WIP 38 - Intravenous vasoactive-sparing effects of midodrine in children: A single-center case series
Friday, April 25, 2025
5:30pm – 7:45pm HST
Ahmed Hussein, Maimonides Infants and Children's Hospital of Brooklyn, Brooklyn, NY, United States; Christine Lee, Maimonides Infants and Children's Hospital of Brooklyn, Brooklyn, NY, United States; Zachary Johnson, Maimonides Infants and Children's Hospital of Brooklyn, Brooklyn, NY, United States; Jeremy Silverstein, Maimonides Infants and Children's Hospital of Brooklyn, New York, NY, United States
Resident Physician Maimonides Infants and Children's Hospital of Brooklyn Brooklyn, New York, United States
Background: Shock, particularly septic shock, is a leading cause of pediatric morbidity and mortality. Management often involves intravenous vasoactive agents to optimize oxygen delivery and restore hemodynamic stability in fluid refractory shock. Prolonged use of vasoactive agents may necessitate central venous line placement and accepting the risks of central venous line infections and venous thromboembolism. Midodrine, an oral alpha-1 selective adrenergic agonist, has shown efficacy in reducing intravenous vasoactive requirements in adult patients. However, data on its use in pediatric patients are lacking.
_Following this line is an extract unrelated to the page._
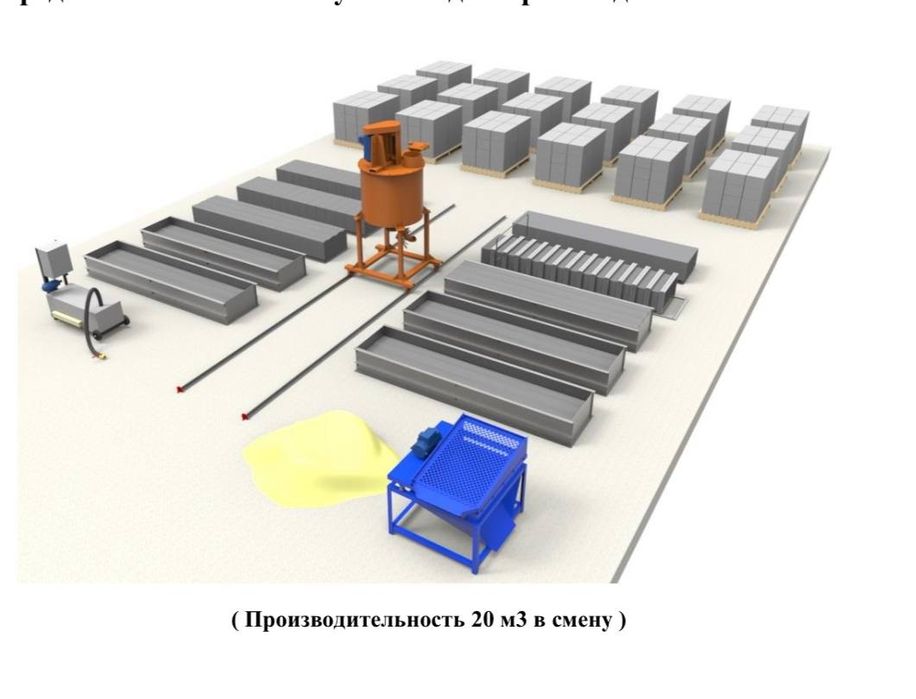 Оборудование для газобетона,  20 кубов в смену.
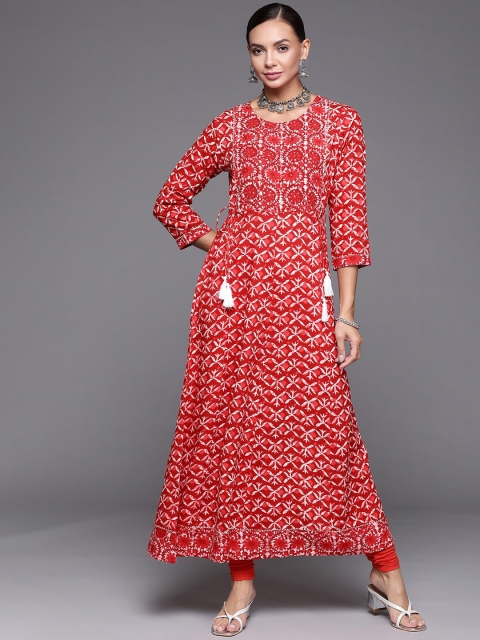 

KALINI Women Red & White Geometric Printed Anarkali Kurta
Objective: This study will help clarify the potential benefit of midodrine in reducing the duration of intravenous vasoactive therapy. Secondary objectives include evaluating midodrine’s adverse effects, re-initiation of vasopressor therapy within 24 hours of discontinuation, time to ICU/hospital discharge, and rehospitalization within seven days. Design/Methods: This retrospective, descriptive case series focuses on patients admitted to the Pediatrics unit or Pediatric Intensive Care Unit at Maimonides Children's Hospital from January 2014 to September 2024. Eligible patients are those with fluid-refractory hypotension requiring intravenous vasoactive agents who received at least three doses of midodrine. Data collected includes patient demographics, type of shock, duration of vasoactive therapy, concomitant medications, organ function, and outcomes such as time to intravenous vasoactive discontinuation and hospital discharge. Statistical analysis will be conducted based on the number of patients included and data types.